リーラはルディに目をやると観光できず、ガッカリとした表情だ。
「ルディ、馬鹿だなぁ。だから渓谷行こうって言ったのに…」



エメラルドは賑やかな会場を見渡し、リーラを探し出すと、リーラは例の黒髪の騎士とビル・リッチモンドと楽しそうに談笑していた。黒髪騎士はリーラを優しく見つめながら微笑んでいる。
「本当にわかりやすいわね、あの男」
エメラルドは呆れながらリーラ達に近づくと声をかける。

「お話中、失礼。リーラ、頼まれていた物よ」
とエメラルドは箱詰めされている贈り物をリーラ達に手渡す。
「うわぁ、ありがとう!」
レンとアンディも便乗して贈り物を受け取るとエメラルド王女に礼をする。

「王女様、贈り物を頂きありありがとうございます」
様子を見ていたビルはリーラの保護者として王女に礼を伝える。 

「良くってよ。

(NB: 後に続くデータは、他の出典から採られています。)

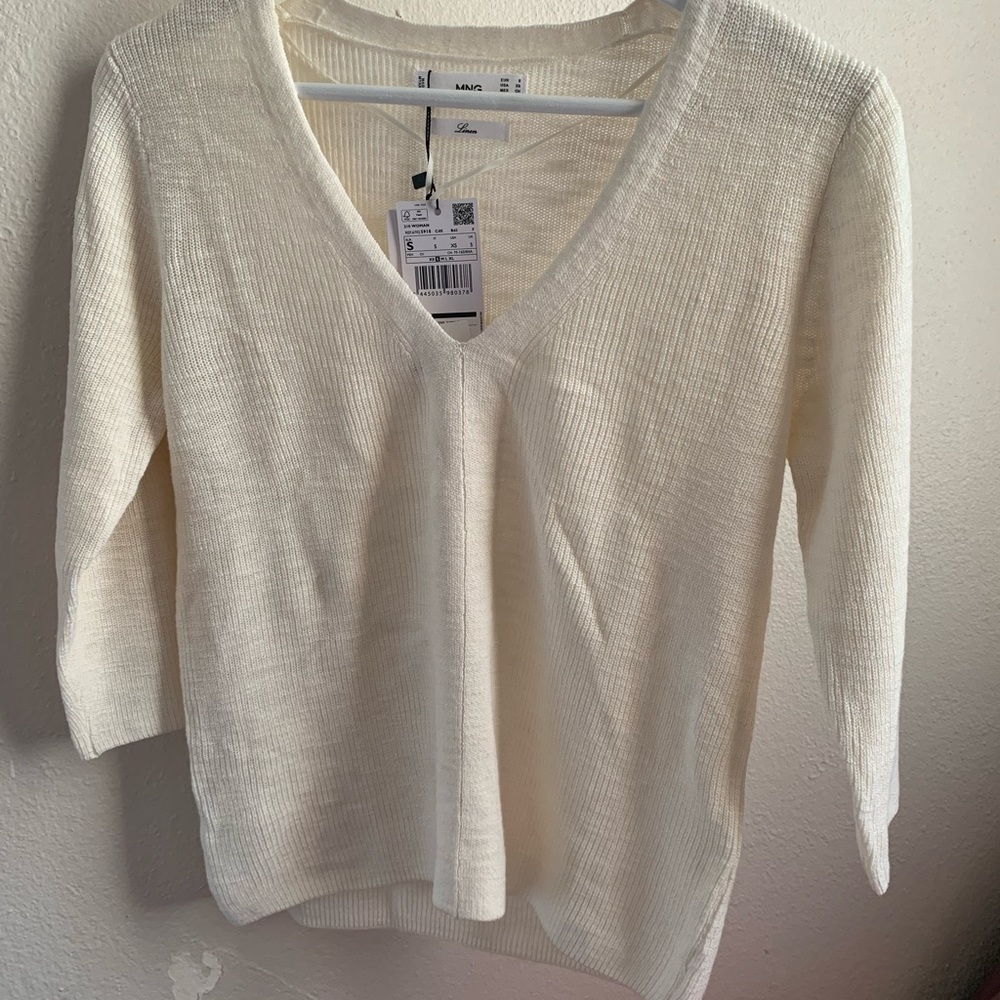 NWT Mango 3/4 sleeves sweater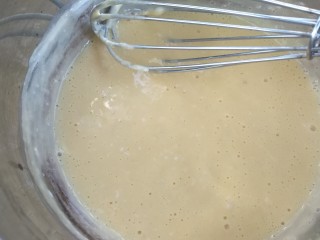 13、葡式蛋挞,倒入鸡蛋，桂皮和柠檬煮的汁，糖搅拌均匀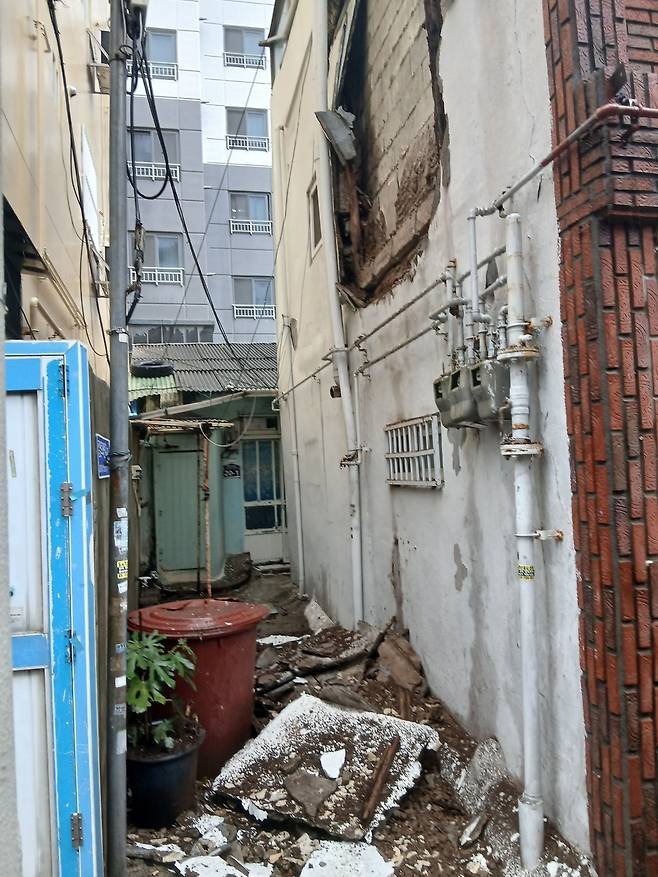 무너져 내린 외장재 [부산소방재난본부 제공. 재판매 및 DB 금지]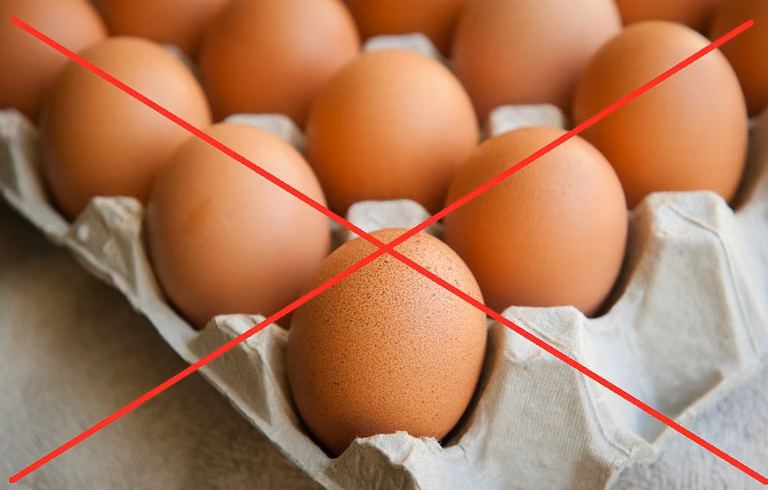 Nie jedz jajek z Biedronki i Carrefour. SĄ SKAŻONE – informuje Główny Lekarz Weterynarii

お姉様のプレゼントらしいわ、我が国が誇る肌に良い化粧水なのよ」

「という訳で、お兄様、姉上に渡してくださいね。ちゃんとからのお土産と伝えてくださいね」

「お、おまえ、いつのまにお土産を…僕は買うチャンスなかったのに~~」

「あれ?都に行ってたのに??」

「話聞いてなかったのか?!おまえと違って遊んでいないんだよ!!」
とリーラのコメカミをグリグリするビル。ヒャァーとリーラの叫び声を聞きながらエメラルドは首を傾げた。
「ビル・リッチモンドって確かローズ王女の伴侶だったわよね…」




◇◇◇



最後の夜を語り明かそとエメラルドの寝室にリーラは招かれ、二人はベッドに寝転びながら話を始める。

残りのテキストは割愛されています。